◆ WHAT IS BEING ASKED
Give back exactly the stretch of data below from the line holding "Офісна дошка H-Tone" through the line holding "nářadí Škrabka Demon Triangle clear/navy", both ends included, and leave the remaining lines out.

◆ RECORDS FOR THE TASK
┌──
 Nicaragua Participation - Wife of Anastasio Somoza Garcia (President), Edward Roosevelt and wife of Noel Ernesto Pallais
└──
┌──
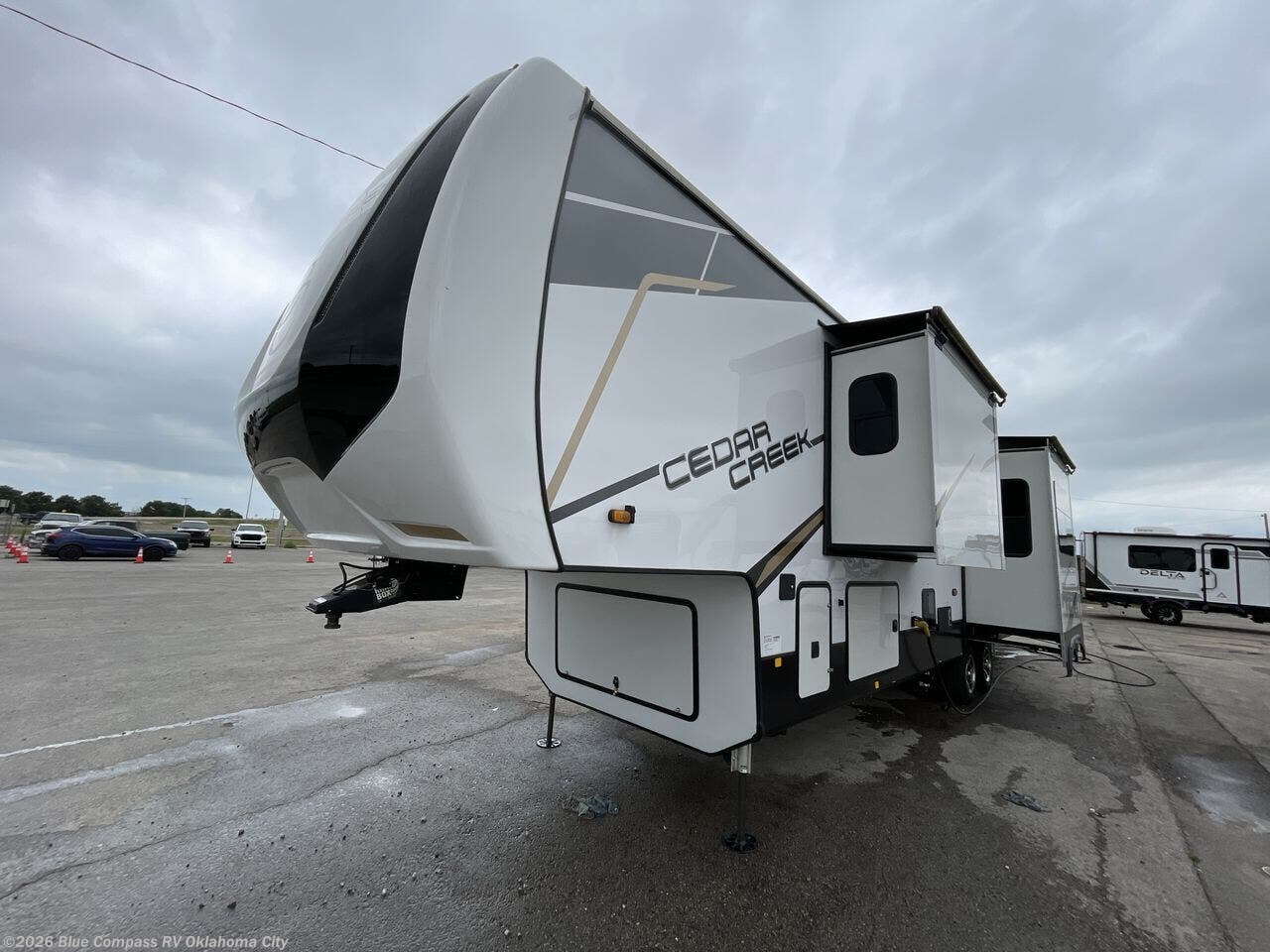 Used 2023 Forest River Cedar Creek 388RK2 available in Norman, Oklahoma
└──
┌──
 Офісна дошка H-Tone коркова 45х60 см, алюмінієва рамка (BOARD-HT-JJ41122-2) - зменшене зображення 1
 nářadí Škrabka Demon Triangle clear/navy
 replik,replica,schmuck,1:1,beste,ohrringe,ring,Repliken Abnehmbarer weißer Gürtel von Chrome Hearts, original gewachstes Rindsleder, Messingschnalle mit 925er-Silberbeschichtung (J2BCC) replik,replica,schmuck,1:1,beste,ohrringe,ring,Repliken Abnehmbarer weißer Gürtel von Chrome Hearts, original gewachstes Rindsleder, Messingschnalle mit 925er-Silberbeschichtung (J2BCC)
└──
◆ RESPONSE BELOW
 Офісна дошка H-Tone коркова 45х60 см, алюмінієва рамка (BOARD-HT-JJ41122-2) - зменшене зображення 1
 nářadí Škrabka Demon Triangle clear/navy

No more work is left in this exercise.